In March 1937 Mussolini made a widely canvassed state visit to Libya, where he opened a new military highway running the entire length of the colony. Cynically, he had himself declared protector of Islam and was presented with a symbolic sword. Mussolini's publicized encouragement of the Arabic nationalist movement suited his wider policies of confronting Britain and France. He also sought to fully colonise Libya, introducing 30,000 Italian settlers which brought their numbers to more than 100,000. These settlers were shipped primarily to Sahel al-Jefara in Tripolitania and the Jebel Akhdar in Cyrenaica, and given land from which the indigenous inhabitants had been forcibly removed.
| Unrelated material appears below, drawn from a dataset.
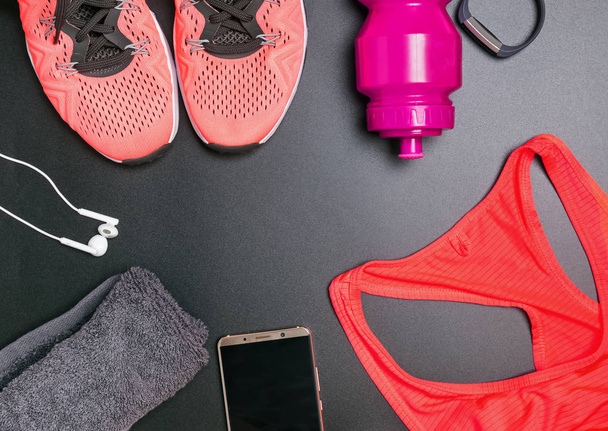 Fitness accessories including sneskers, top, bottle with water on black background - 写真・画像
In 13 September-15 1940, Mussolini's highway sped the invasion of Egypt by Italian forces stationed in Libya. Counterattacks of British Allied forces from Egypt, commanded by Wavell and their successful two-month campaign (Tobruk, Bengasi, El Agheila), and the counteroffensives under Rommel, 1940-43, all took place during World War II. In November 1942 the Allied forces retook Cyrenaica; by February the last German and Italian soldiers were driven from Libya. In the early post-war period, Tripolitania and Cyrenaica remained under British administration, while the French controlled Fezzan. After almost three decades of Italian occupation, a quarter of Libya's population had died.

In 1944, Idris returned from exile in Cairo but declined to resume permanent residence in Cyrenaica until the removal in 1947 of some aspects of foreign control. Under the terms of the 1947 peace treaty with the Allies, Italy relinquished all claims to Libya. In July 1999 the Italian government offered a formal apology to Libya and it is reported that Italy agreed to pay USD $260 million as compensation for the occupation[citation needed].